Director John Madden, who is back with "The Second Best Exotic Marigold Hotel", says the sequel does not "squander" what they achieved with their 2011 film, a melancholy comedy about a bunch of Britishers navigating their post-retirement life in India.

Second Best Exotic Marigold Hotel a responsible sequel: Madden

New Delhi: Director John Madden, who is back with "The Second Best Exotic Marigold Hotel", says the sequel does not "squander" what they achieved with their 2011 film, a melancholy comedy about a bunch of Britishers navigating their post-retirement life in India.

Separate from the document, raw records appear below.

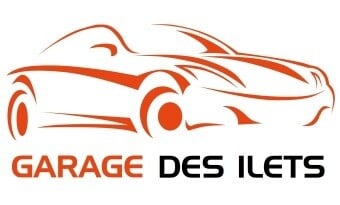 GARAGE DES ILETS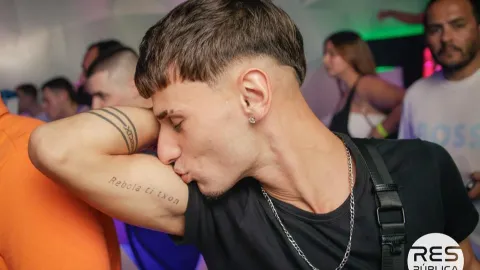 Comunidade do Castro 🐉 banner
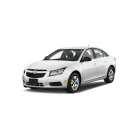 CRUZE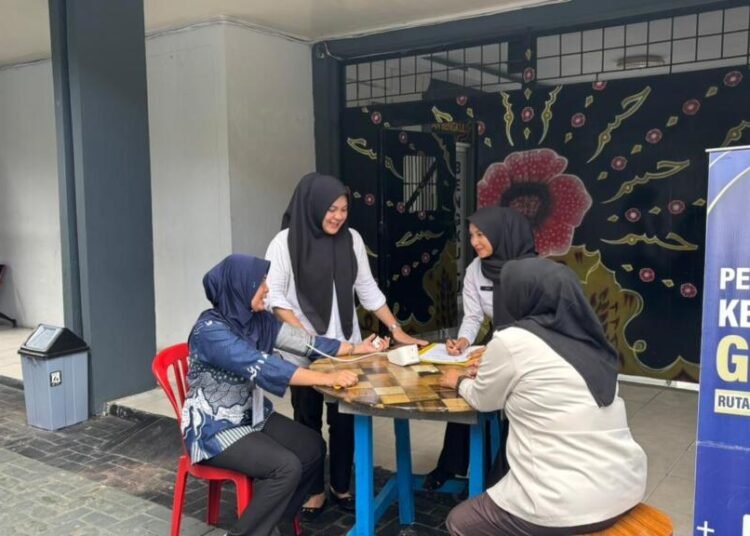 WhatsApp Image 2026 04 15 at 10.21.00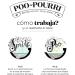 Poo-Pourri Royal Flush 4 Fl Oz - Before-You-Go Toilet Spray - Buy Online on GoSupps.com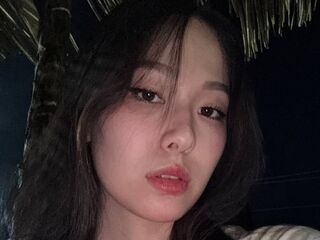 webcam live sex PaigeSecor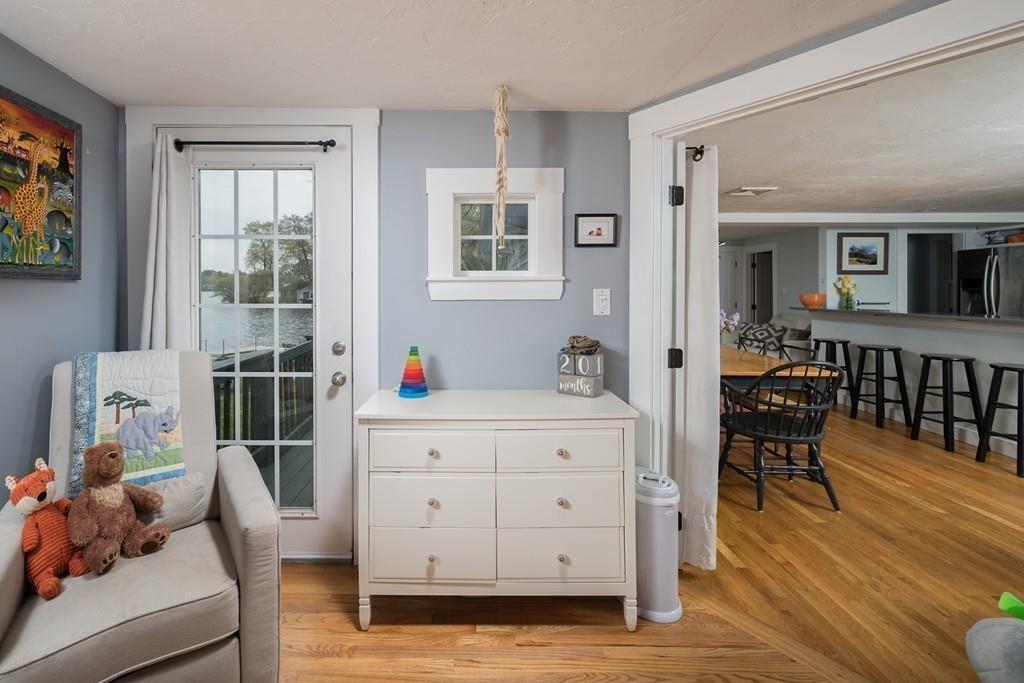 10 Fallon Point Hanson, MA 02341 - Photo 18 of 32 Gallery Image 18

Starring veterans like Judi Dench, Maggie Smith, Bill Nighy besides Dev Patel and Tina Desai, the original, based on "These Foolish Things" by Deborah Moggach was a dark horse at the box office and the team was happy to revisit India for the sequel, which also stars Richard Gere.

The sequel, being released in India this Friday by Fox Star Studios, is a continuation of the journey that these characters embarked on in the first part.

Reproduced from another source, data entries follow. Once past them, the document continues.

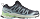 Кроссовки женские Salomon Xa Pro 3D V9 Turbulence/Iced Aqua/Patina Green - Фото 1 малая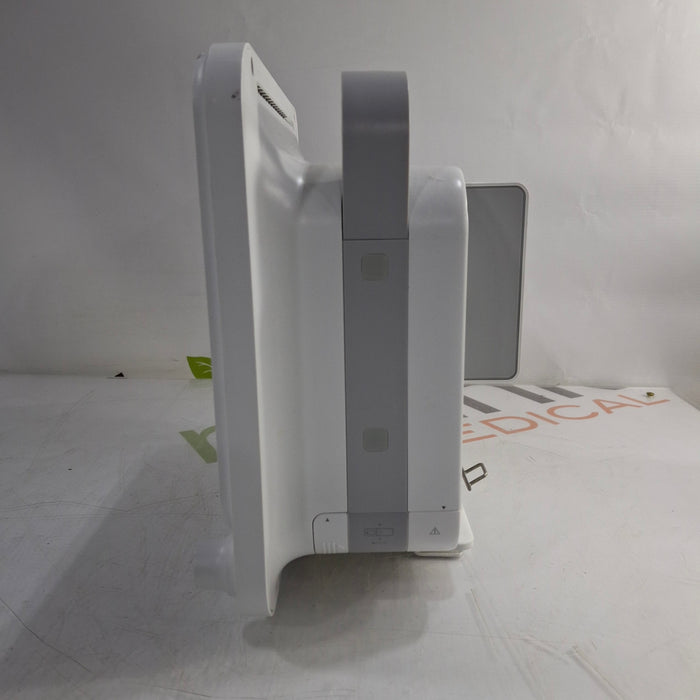 GE Healthcare B125 Patient Monitor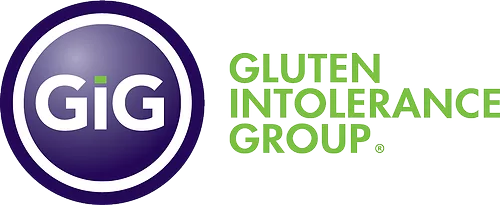GIG logo R Transparent.png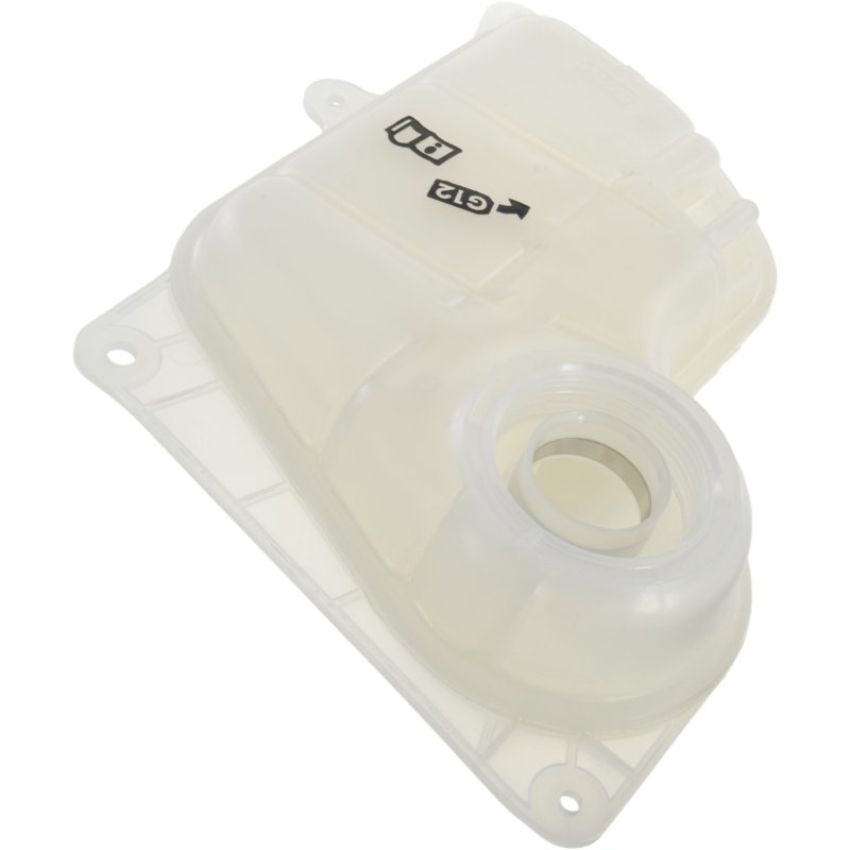 Autopart International Expansion Tank 1608259950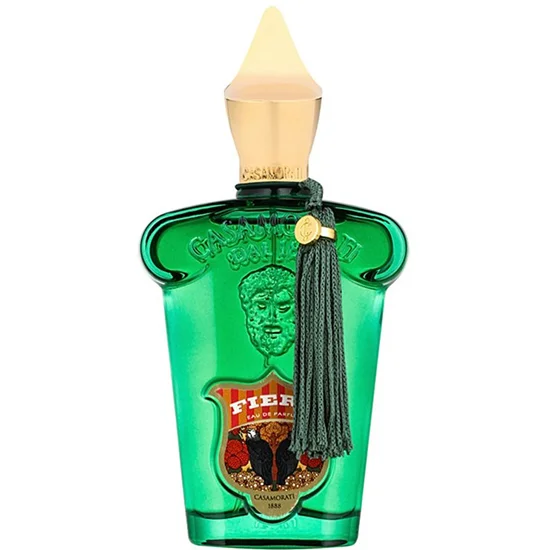 Xerjoff Fiero - Casamorati 1888 Collection парфюм за мъже 100 мл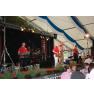 volksfest_2012_-_samstag_1_20120527_2030330715.jpg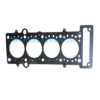 Junta Cabeza Ram700/Mini Cooper 1.6 2002-2018 *DC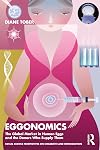 Eggonomics: The Global Market in Human Eggs and the Donors Who Supply Them (Social Science Perspectives on Childbirth and Reproduction)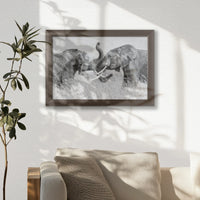 LWN030W020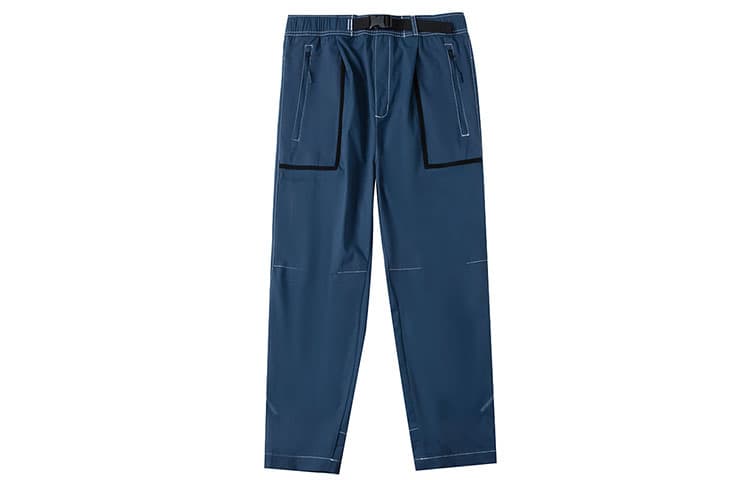 Штаны adidas - изображение 1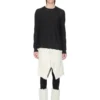 RICK OWENS – TOP RU02E1266UC-09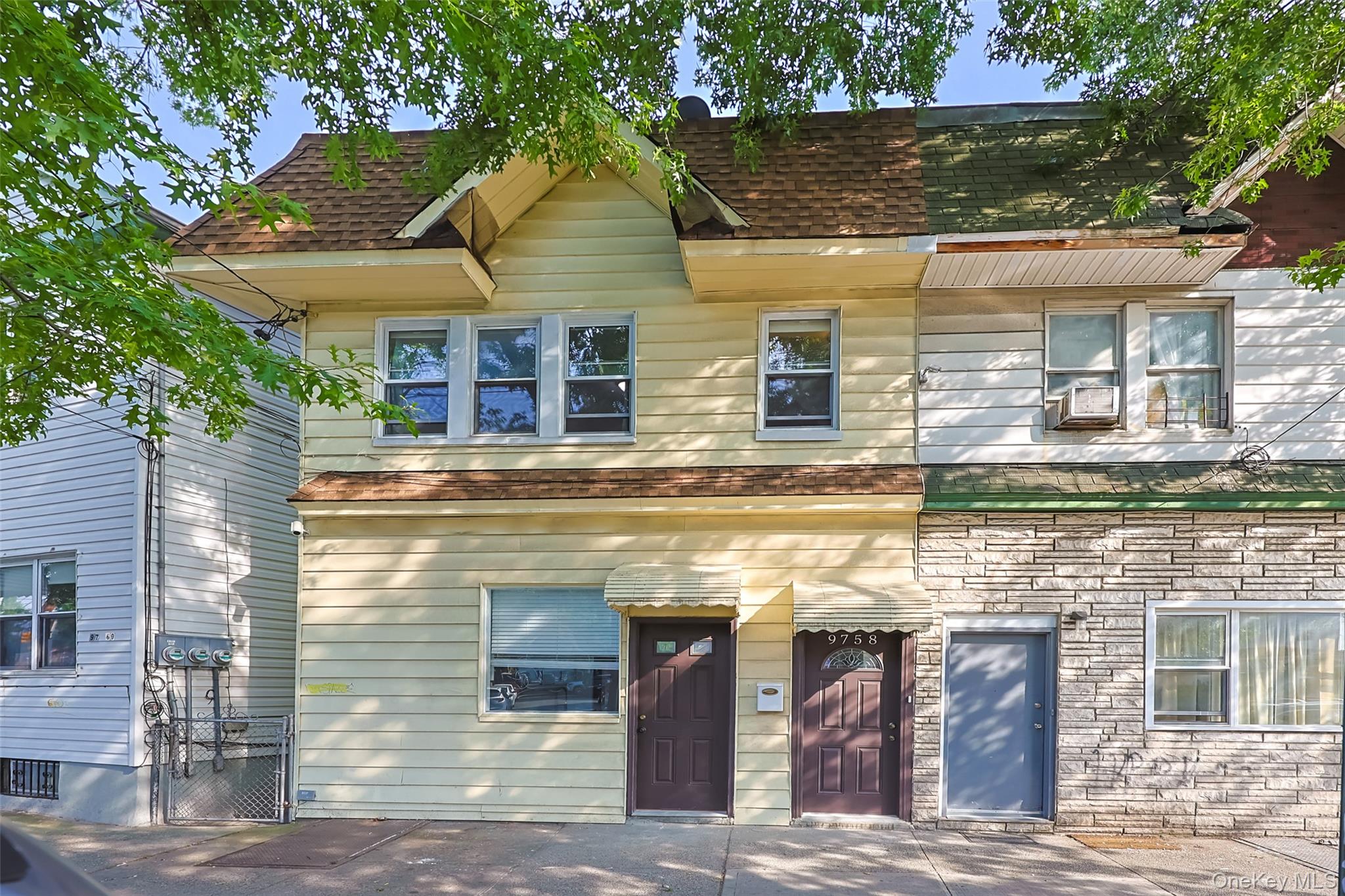 #1 photo, 97-58 Corona Avenue, कोरोना Corona , NY 11368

"It is about people who are at a certain point in their lives. They are full of lost experiences, regrets, roads not taken and aborted hopes. That informs both the comedy and the melancholy in the film," Madden, who was in India to promote the movie, told reporters.

Madden felt the original film touched people for its melancholic tone, a feeling similar to Anton Chekhov's plays.

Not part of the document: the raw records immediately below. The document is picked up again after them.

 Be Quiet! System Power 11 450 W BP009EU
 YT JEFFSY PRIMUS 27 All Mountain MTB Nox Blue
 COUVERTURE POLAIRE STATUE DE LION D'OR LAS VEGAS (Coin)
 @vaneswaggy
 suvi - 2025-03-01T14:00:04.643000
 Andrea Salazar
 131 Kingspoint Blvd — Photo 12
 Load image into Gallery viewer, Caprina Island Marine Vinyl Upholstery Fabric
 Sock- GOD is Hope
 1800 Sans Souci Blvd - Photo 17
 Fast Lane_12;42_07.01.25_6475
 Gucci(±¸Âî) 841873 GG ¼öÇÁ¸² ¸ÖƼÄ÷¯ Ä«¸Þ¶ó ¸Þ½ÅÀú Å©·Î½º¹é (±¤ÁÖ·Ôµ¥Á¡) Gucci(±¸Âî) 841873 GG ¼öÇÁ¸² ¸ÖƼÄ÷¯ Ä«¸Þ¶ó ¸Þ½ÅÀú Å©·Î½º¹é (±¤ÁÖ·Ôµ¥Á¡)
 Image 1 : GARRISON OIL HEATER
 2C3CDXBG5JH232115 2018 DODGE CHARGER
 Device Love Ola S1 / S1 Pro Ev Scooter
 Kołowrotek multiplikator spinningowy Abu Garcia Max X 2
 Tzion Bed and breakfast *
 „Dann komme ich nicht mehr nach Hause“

"They are laughing at one moment and then you find there is something else underneath that laughter. That switch in tone has a Chekhovian quality to it. Chekhov's plays are often farcical, funny and ridiculous but underneath them lurks a terrible sense of longing and loneliness."

Since most of the characters are in the twilight of their lives, they are also grappling with a sense of mortality that Madden juxtaposed with a culture of "extraordinary optimism".

"I will invoke Shakespeare too because there is a sense of mortality in them. And you can set that against this culture of extraordinary optimism. They get a sense that life doesn't need to go downhill towards the conclusion. It can soar uphill. There is an existential quality to both the films."

Instead of going by a notion about India, Madden said they wove their experiences in the script.

"There is a parallel between the experiences we had while making the film and what these characters were going through. We adjusted the script a lot. I wanted to convey a sense of India that I was living in rather than some other notion."